This paper focuses on the stability analysis of nonlinear time-delay systems on time scales, which are of generality as they can include not only the traditional continuous and discrete ones, but also some other cases, such as systems on general uniform or non-uniform time domains. One existing classical method for analyzing stability of such systems is the Razumikhin-type theorem with requiring the time derivative of relating Lyapunov function to be non-positive for uniform stability and negative for uniform asymptotic or exponential stability, which are difficult to be satisfied. To relax these restrictions, by introducing the time-scale type uniformly stable function and uniformly asymptotically stable function, this paper presents several less conservative stability criteria, in which the time-scale time derivative of Lyapunov function can be positive or non-negative. To demonstrate the effectiveness of the theoretic results, a numerical example about non-continuous and non-discrete time-delay systems is given.
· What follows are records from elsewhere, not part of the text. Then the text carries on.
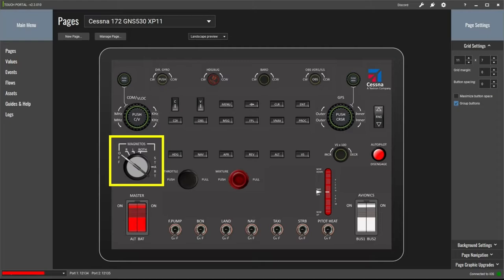Before operating the ignition switch to start the engine, the aircraft must be set up as necessary: the throttle and mixture controls need to be set correctly, and the battery and fuel pump need to be switched on. When turning the ignition switch off, a similar thing applies only in reverse.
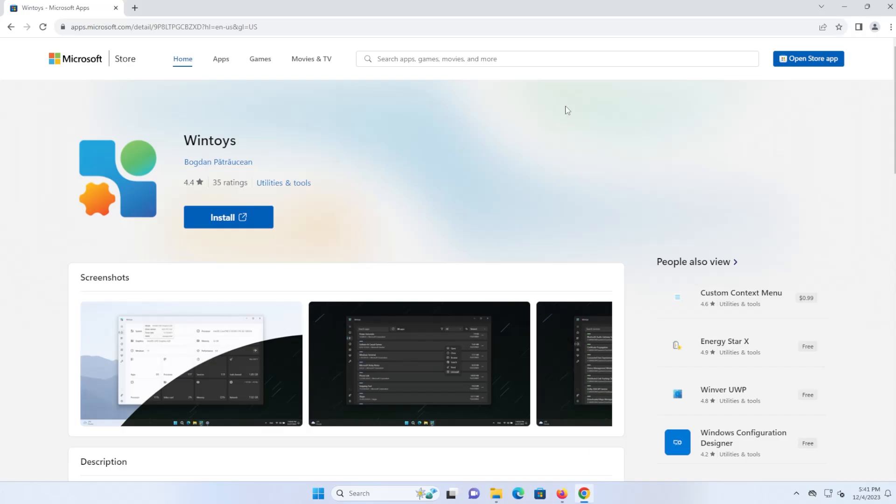Hi everyone. Today I'll be discussing and installing WinToys. If your Windows is slow and you want to de-bloat, tweak, or repair it, then you can use WinToys to help you get Windows back to how it should be.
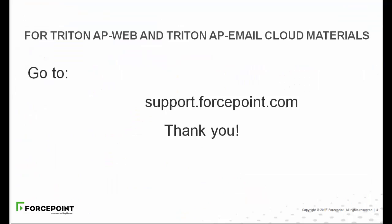We hope this video has been informative about drill-down detail reporting. For additional Triton AP Web Cloud and Triton AP Email Cloud materials, go to support.forcepoint.com. Thank you.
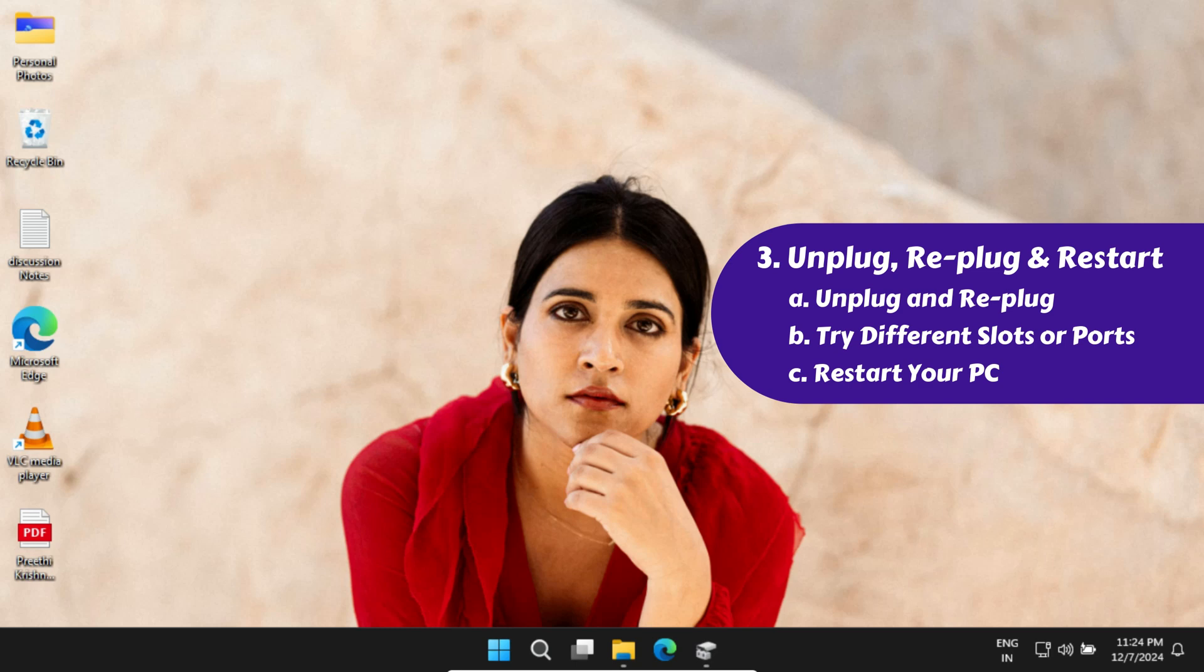Sometimes the port you're using doesn't provide enough power, or it might have other issues. This is especially common if you're using a USB hub. Switching to a different slot or port, or even just unplugging and replugging to the same port, can often solve the problem.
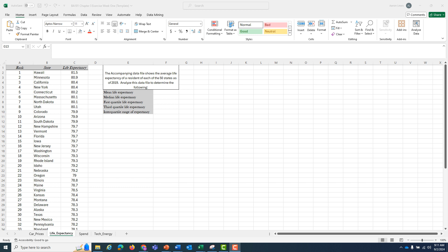In this example problem, we are given a data file with the life expectancy of residents of each of the 50 U.S. states as of 2019, and we are going to be tasked to summarize this information.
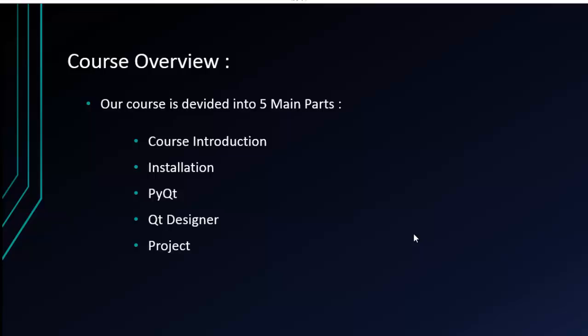Then I'll show you how to install our tools: Python, PyQt, and PyCharm on Windows and Linux OS.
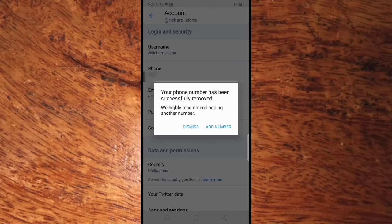Another pop-up will appear saying your phone number has been successfully removed. It is highly recommended to add another number. If you cannot add another number to your Twitter account, click Dismiss.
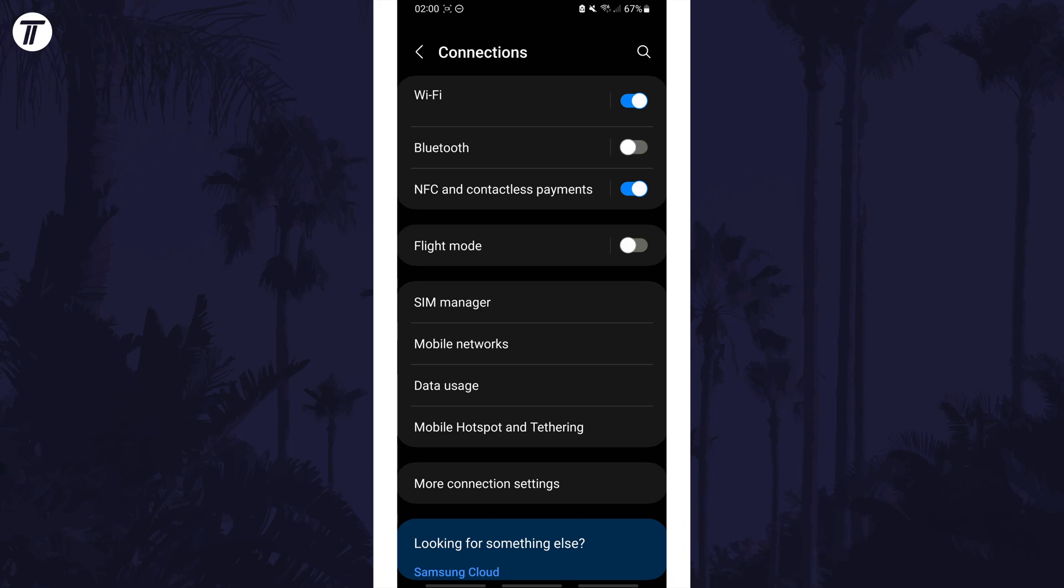Next we will try forgetting and then reconnecting to your WiFi network. This will help refresh all of your settings relating to this network.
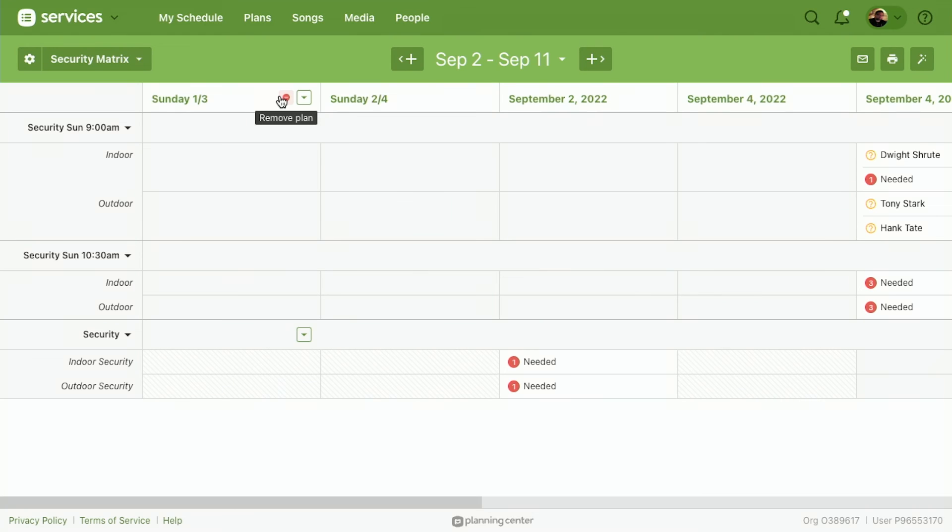Maybe your worship leaders want to know what's happening at other campuses for the songs they're doing. You can have a matrix just for that. So there's a ton of power-up features specifically for using that custom matrix.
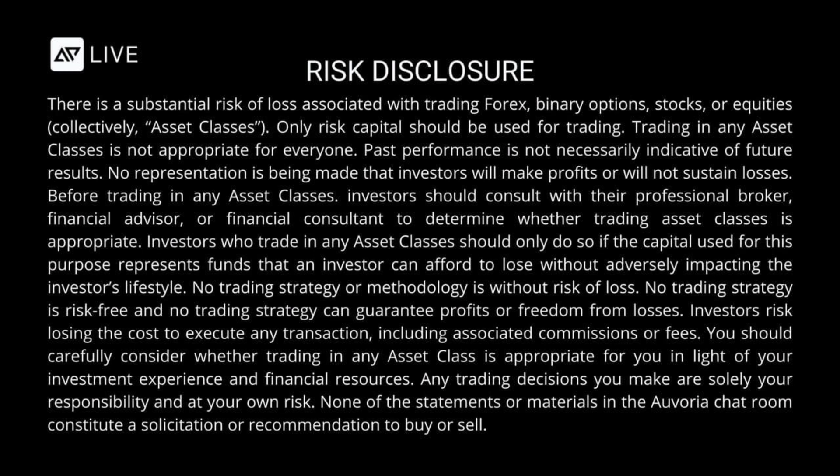No trading strategy or methodology is without risk of loss. No trading strategy is risk-free and no trading strategy can guarantee profits or freedom from losses. Investors risk losing the cost to execute any transaction including associated commissions or fees. You should carefully consider whether trading in any asset class is appropriate for you in light of your investment experience and financial resources. Any trading decisions you make are solely your responsibility and at your own risk. None of the statements or materials in the Alvoria Prime chat rooms constitute a solicitation or recommendation to buy or sell.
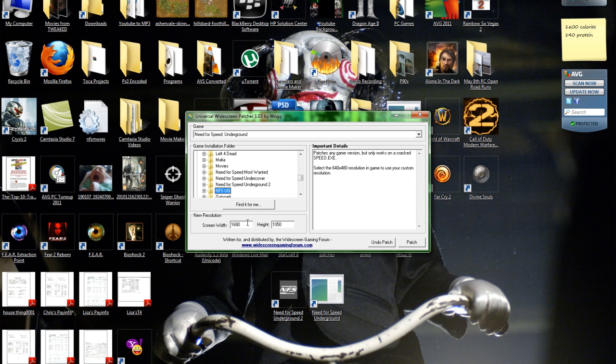And then what you want to do is set your screen resolution to whatever you have, so like mine's 1680 by 1050, and then when you have that done, patch it.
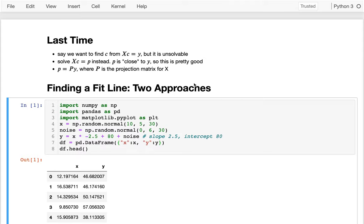In the last video, we were talking about the situation where we know some x values and have a y column, and we want to figure out the relationship between them. We'd like to multiply our x values by a vector of coefficients and end up with y. Sometimes that's exactly solvable when x is square, but most data frames have a few columns and a lot of rows, so it will very rarely be solvable.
本文重点研究时间尺度上非线性时滞系统的稳定性分析，它具有一般性，不仅可以包括传统的连续和离散系统，还可以包括其他一些情况，例如一般均匀或非均匀系统上的系统。时域。现有的一种分析此类系统稳定性的经典方法是Razumikhin型定理，该定理要求相关Lyapunov函数的时间导数对于均匀稳定性为非正值，对于均匀渐近或指数稳定性为负值，难以满足。为了放宽这些限制，本文通过引入时间尺度型一致稳定函数和一致渐近稳定函数，提出了几个不太保守的稳定性准则，其中李雅普诺夫函数的时间尺度时间导数可以是正的也可以是非负的。为了证明理论结果的有效性，给出了一个非连续非离散时滞系统的数值例子。